O MPE/AL e o MP de Contas também detectaram que 66 funcionários, entre janeiro de 2010 e julho de 2013, receberam R$ 7.096.620,94 (sete milhões, noventa e seis mil, seiscentos e vinte reais e quatro centavos) da Assembleia e, ao mesmo tempo, tiveram depósitos do Bolsa-Família de R$ 118.988 mil.
Já no município de Delmiro Gouveia, Sertão de Alagoas, um servidor, que foi agraciado com um lote durante o processo de reforma agrária e recebia o benefício do Sipra, teve vencimentos de mais de R$ 26 mil entre os anos de 2010 e 2013.
Servidores que estão aposentados por invalidez e recebem seus vencimentos pelo INSS, um deles há 34 anos, consta na folha de pagamento da Assembleia Legislativa. Nesse caso, em específico, a Previdência Social pagou a ele um salário de R$ 622,06, pelo menos, até julho do ano passado.

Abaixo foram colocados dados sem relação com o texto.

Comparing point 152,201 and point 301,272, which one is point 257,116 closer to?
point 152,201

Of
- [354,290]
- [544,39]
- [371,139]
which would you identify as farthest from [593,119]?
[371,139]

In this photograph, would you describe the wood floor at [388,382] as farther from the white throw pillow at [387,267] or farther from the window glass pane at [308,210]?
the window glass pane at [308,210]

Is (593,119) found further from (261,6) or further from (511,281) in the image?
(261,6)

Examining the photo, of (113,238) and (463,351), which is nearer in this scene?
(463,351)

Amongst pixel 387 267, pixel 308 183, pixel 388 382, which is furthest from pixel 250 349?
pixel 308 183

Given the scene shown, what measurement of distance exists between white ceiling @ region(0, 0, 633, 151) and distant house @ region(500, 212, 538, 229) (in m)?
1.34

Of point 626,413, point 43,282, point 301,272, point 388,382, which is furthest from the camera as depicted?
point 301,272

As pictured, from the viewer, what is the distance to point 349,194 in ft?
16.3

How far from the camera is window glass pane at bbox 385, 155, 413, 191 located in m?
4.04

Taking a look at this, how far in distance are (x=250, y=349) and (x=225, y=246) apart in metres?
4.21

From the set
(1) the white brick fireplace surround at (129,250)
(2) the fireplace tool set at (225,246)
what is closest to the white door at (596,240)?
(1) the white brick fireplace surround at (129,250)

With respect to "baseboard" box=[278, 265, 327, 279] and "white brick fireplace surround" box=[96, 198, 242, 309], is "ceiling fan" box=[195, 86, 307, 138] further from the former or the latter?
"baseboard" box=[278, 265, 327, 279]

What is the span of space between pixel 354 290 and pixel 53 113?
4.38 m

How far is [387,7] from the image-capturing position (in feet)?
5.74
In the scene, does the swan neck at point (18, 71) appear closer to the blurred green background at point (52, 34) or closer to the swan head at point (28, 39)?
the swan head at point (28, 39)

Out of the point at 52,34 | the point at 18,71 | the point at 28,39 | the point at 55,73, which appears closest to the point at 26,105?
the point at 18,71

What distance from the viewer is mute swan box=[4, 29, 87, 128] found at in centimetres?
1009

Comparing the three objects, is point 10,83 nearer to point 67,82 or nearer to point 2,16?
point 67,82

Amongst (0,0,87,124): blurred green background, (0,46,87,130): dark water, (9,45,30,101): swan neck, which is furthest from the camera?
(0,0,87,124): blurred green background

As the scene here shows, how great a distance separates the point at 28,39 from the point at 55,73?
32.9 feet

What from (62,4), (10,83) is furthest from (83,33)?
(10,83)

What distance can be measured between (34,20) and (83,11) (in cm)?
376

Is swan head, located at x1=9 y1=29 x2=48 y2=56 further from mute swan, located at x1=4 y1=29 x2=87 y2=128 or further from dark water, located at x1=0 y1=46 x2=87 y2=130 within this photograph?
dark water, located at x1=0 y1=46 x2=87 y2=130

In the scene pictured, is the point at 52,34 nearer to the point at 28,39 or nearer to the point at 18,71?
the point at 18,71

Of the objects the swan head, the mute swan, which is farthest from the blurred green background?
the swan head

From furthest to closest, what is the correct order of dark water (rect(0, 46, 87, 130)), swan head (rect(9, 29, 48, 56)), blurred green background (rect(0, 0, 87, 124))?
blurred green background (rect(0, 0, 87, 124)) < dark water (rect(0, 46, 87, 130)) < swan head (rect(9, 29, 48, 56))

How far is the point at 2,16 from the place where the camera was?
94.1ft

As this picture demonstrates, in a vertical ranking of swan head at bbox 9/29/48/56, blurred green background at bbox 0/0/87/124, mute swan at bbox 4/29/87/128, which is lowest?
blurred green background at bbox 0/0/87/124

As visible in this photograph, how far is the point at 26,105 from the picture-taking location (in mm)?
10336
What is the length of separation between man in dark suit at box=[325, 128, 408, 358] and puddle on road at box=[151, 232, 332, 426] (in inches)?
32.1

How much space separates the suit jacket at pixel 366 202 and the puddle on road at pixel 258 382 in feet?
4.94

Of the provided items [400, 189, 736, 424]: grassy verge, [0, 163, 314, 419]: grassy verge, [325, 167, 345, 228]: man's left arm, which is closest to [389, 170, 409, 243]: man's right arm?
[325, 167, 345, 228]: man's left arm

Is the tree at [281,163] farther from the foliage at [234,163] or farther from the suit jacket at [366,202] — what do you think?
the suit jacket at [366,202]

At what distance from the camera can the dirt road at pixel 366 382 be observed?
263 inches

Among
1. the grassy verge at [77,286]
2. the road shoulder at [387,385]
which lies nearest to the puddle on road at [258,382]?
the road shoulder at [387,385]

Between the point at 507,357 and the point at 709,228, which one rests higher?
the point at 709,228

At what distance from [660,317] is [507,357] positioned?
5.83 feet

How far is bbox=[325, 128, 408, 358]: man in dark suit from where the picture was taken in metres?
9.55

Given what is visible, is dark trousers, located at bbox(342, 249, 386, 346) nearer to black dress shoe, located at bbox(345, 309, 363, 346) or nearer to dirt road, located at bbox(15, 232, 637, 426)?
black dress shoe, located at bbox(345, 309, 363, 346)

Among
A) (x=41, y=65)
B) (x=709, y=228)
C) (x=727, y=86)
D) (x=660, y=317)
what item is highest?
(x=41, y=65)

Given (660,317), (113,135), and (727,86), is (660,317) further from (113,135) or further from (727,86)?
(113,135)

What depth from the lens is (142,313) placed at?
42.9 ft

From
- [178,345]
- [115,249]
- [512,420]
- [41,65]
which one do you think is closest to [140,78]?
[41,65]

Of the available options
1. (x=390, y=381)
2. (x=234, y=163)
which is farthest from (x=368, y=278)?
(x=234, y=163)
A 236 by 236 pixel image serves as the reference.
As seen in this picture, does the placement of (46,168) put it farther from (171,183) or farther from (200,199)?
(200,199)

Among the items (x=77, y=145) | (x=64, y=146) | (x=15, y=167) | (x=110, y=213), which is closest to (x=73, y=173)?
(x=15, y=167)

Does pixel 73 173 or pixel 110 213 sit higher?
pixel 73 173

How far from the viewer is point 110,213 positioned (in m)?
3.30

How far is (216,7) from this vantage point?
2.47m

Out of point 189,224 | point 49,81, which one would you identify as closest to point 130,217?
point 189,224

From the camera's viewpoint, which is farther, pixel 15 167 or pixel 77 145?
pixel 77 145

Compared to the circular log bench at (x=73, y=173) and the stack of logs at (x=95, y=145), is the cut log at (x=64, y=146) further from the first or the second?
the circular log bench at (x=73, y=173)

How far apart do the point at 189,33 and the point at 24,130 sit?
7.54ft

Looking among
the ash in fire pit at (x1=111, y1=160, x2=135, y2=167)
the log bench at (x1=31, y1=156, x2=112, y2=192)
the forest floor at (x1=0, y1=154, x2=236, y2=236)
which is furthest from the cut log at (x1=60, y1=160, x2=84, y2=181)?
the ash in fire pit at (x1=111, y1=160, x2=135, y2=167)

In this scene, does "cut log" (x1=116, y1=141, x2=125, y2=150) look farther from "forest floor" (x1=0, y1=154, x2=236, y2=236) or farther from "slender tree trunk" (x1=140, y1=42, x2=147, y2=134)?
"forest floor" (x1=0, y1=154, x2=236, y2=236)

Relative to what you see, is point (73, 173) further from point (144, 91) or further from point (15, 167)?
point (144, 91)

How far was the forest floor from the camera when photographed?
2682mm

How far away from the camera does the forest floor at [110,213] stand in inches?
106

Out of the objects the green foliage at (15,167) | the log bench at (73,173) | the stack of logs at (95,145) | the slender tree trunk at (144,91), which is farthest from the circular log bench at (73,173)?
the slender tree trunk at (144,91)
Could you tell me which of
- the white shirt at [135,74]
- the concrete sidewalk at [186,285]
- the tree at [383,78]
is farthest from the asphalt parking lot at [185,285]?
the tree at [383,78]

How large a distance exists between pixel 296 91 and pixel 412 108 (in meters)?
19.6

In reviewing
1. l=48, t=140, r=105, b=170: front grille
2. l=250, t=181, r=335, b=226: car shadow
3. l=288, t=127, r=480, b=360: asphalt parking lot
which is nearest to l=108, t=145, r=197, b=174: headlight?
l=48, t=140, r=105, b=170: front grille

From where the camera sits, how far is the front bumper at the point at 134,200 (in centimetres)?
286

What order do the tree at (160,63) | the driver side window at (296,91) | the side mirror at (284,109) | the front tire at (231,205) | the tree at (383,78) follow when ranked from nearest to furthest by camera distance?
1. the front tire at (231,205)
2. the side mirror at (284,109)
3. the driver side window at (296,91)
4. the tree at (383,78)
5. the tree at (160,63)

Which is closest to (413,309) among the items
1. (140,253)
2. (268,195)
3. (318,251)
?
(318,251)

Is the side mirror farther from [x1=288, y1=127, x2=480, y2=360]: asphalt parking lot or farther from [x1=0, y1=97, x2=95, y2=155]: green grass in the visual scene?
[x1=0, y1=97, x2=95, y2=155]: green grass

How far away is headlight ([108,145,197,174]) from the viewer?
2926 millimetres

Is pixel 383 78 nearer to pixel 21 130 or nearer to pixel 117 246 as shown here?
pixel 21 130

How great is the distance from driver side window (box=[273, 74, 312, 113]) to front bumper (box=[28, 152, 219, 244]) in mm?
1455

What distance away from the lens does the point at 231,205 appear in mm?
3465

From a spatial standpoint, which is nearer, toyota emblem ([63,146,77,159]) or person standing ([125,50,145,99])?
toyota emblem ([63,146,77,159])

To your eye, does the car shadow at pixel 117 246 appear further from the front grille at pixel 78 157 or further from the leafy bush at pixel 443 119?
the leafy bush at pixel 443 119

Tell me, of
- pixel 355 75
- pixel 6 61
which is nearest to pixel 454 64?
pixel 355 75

Já do Legislativo, esse mesmo funcionário ganhou, somente no intervalo de tempo de janeiro de 2011 e outubro deste ano, exatos R$ 384.954,23. Na soma geral de aposentados por invalidez que também receberam da ALE/AL, está a conta de R$ 2.951.678,29 (dois milhões, novecentos e cinquenta e um mil, seiscentos e setenta e oito reais e vinte e nove centavos).
E também há indícios de que terceiros estejam recebendo os proventos de servidores que já morreram. Um cruzamento da folha de pessoal com o Sistema Informatizado de Controle de Óbitos (Sisobi) constatou que existe uma quantidade de pessoas mortas que ainda consta na lista de servidores da Casa de Tavares Bastos. Estima-se um prejuízo de R$ 292.996,92 (duzentos e noventa e dois mil, novecentos e noventa e seis reais e noventa e dois centavos).

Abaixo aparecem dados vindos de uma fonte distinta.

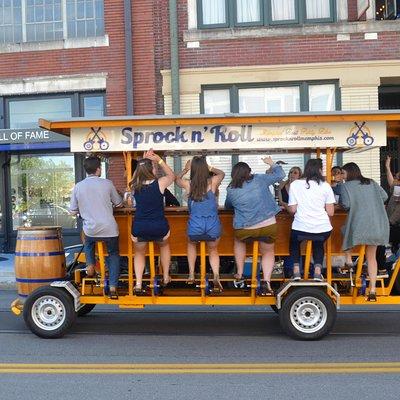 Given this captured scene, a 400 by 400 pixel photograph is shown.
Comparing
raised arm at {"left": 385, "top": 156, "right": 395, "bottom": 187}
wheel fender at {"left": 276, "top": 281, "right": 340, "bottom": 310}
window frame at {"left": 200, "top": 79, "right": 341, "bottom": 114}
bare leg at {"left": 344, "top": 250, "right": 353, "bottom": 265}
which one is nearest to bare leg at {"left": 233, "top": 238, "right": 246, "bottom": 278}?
wheel fender at {"left": 276, "top": 281, "right": 340, "bottom": 310}

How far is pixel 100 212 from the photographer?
7004mm

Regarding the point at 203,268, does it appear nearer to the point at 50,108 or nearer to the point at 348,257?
the point at 348,257

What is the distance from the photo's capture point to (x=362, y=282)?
6906 millimetres

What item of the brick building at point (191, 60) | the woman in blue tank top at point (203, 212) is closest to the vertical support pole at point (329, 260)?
the woman in blue tank top at point (203, 212)

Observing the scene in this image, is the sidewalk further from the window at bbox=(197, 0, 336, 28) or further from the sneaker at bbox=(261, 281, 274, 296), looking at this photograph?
the window at bbox=(197, 0, 336, 28)

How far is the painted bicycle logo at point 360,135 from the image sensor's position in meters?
6.84

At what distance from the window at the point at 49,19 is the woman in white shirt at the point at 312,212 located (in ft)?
29.6

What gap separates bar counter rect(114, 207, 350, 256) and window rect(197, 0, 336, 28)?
773 cm

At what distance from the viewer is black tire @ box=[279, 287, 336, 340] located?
666 cm

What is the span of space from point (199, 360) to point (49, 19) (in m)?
10.9

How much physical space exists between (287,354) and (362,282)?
4.35ft

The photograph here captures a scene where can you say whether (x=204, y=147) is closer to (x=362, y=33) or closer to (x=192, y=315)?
(x=192, y=315)

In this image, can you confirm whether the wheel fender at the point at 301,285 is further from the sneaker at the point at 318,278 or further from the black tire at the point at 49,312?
the black tire at the point at 49,312

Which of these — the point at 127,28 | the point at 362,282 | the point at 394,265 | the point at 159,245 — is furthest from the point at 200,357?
the point at 127,28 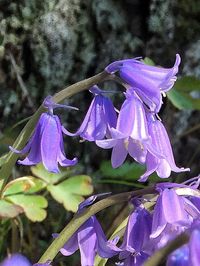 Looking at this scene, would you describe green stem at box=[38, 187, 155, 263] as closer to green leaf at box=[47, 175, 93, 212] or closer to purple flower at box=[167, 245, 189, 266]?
purple flower at box=[167, 245, 189, 266]

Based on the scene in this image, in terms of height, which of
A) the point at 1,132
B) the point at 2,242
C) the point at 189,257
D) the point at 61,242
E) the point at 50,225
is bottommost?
the point at 50,225

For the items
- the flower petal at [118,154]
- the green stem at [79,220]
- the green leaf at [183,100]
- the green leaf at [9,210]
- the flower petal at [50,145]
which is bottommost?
the green leaf at [9,210]

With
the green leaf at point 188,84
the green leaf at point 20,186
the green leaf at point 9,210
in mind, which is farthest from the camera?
the green leaf at point 188,84

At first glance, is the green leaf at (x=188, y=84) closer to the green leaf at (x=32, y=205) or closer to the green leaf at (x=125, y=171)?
the green leaf at (x=125, y=171)

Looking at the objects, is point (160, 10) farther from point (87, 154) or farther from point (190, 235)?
point (190, 235)

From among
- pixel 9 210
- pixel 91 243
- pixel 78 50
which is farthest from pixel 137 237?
pixel 78 50

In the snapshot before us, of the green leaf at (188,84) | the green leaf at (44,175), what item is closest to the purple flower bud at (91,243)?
the green leaf at (44,175)

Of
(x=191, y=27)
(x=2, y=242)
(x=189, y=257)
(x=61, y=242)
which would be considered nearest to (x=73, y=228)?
(x=61, y=242)

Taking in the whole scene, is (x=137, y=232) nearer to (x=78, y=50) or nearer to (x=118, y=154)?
(x=118, y=154) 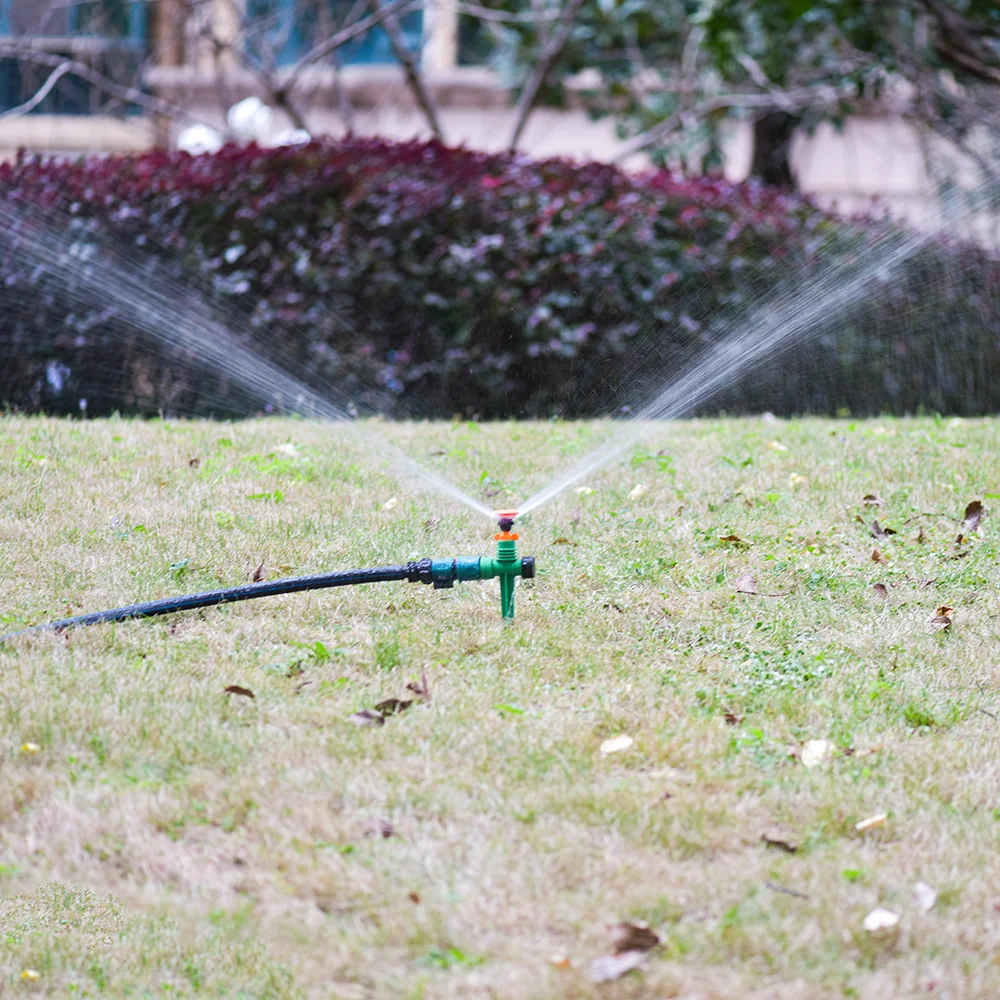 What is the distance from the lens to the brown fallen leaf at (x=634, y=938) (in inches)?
92.4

Diante da ausência da prestação de contas, todas essas supostas ilicitudes foram ocultadas dos outros 19 parlamentares que não integram ou integraram as mesas diretoras e, principalmente, do Tribunal de Contas do Estado, órgão responsável pela análise da movimentação financeira dos legislativos. Através delas, os conselheiros do TC/AL poderiam realizar auditorias e encontrar tais irregularidades.

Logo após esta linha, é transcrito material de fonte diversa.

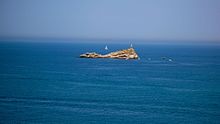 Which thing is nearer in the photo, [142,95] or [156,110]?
[156,110]

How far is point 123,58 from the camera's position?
6211 inches

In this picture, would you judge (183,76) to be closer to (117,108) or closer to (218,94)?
(218,94)

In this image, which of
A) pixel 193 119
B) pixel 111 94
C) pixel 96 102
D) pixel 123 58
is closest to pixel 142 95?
pixel 111 94

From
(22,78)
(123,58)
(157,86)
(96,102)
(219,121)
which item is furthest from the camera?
(123,58)

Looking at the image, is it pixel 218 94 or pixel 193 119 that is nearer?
pixel 193 119

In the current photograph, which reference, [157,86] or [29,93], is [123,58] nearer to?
[157,86]

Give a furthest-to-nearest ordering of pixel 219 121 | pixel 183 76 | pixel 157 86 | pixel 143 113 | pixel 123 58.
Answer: pixel 123 58
pixel 183 76
pixel 157 86
pixel 143 113
pixel 219 121

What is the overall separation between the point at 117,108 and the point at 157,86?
2375 cm

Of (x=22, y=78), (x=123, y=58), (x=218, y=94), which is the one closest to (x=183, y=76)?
(x=218, y=94)

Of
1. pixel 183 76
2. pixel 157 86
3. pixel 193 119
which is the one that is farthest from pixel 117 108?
pixel 183 76

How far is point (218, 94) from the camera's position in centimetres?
7406

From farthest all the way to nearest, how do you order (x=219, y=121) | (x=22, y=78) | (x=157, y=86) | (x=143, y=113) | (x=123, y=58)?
1. (x=123, y=58)
2. (x=22, y=78)
3. (x=157, y=86)
4. (x=143, y=113)
5. (x=219, y=121)

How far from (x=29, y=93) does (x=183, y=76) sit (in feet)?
139

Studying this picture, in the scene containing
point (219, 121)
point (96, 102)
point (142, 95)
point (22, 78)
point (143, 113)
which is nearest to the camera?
point (219, 121) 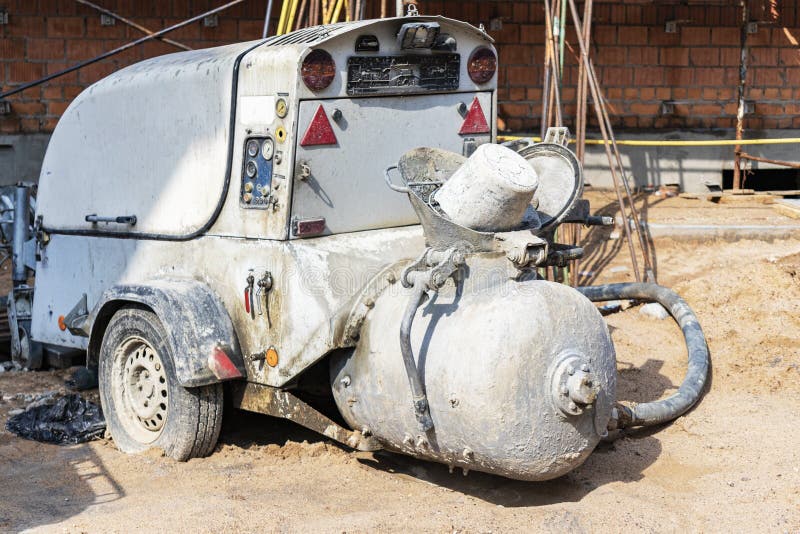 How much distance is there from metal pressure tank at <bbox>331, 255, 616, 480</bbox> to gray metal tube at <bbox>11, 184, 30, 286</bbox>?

“É claro que todas essas informações precisam de uma apuração mais detalhada e estamos com um grupo de promotores dedicado à investigação. Entretanto, temos provas de que algumas ilicitudes, de fato, foram praticadas. E, como se tratou do cometimento de atos de improbidade administrativa, pedimos, novamente, o afastamento cautelar da Mesa Diretora eleita para o biênio 2013/2014. Essa, é a apenas a primeira ação principal que estamos propondo. Outras virão nos próximos dias”, assegurou Sérgio Jucá.
Na ação, o MPE/AL e o MP de Contas também requereram que os acusados sejam condenados com a perda da função pública, com a suspensão dos direitos políticos entre três e cinco anos, pagamento de multa civil de até 100 vezes o valor da remuneração recebida, a proibição de contratarem com o poder público ou receberem benefícios ou incentivos fiscais ou creditícios, direta ou indiretamente, ainda que por intermédio de pessoa jurídica da qual sejam sócios majoritários, pelo prazo de três anos.
Os Ministério Público Estadual e de Contas ainda sugeriram que o Estado seja intimado, para, querendo, atuar como litisconsorte ativo, passando a integrar a ação, também no papel de acusador.
No final do mês de junho, o deputado João Henrique Caldas (JHC) concedeu coletiva à imprensa para anunciar que a então Mesa Diretora da ALE/AL manipulava, de forma ilícita, a folha de pessoal do Parlamento e que boa parte dos servidores recebera, durante algum tempo, vários depósitos por mês, o que equivaleria a inúmeros salários de uma só vez. Ele também alegou que os dirigentes da Casa de Tavares Bastos teriam sacado, de forma irregular, mais de R$ 4,5 milhões na Caixa Econômica Federal de forma ‘misteriosa’ e voltou a falar sobre o pagamento, supostamente ilícito, da Gratificação por Dedicação Excepcional (GDE) para servidores comissionados. Segundo o parlamentar, um total de R$ 17,5 milhões teriam sido destinados para esse fim somente no ano de 2011. JHC disse ainda que a Mesa não teria repassado, no valor integral, as contribuições previdenciárias ao INSS e o imposto de renda devido à Receita Federal. No mesmo período, o parlamentar protocolou um requerimento no Ministério Público, pedindo para que a instituição apurasse as denúncias feitas por ele.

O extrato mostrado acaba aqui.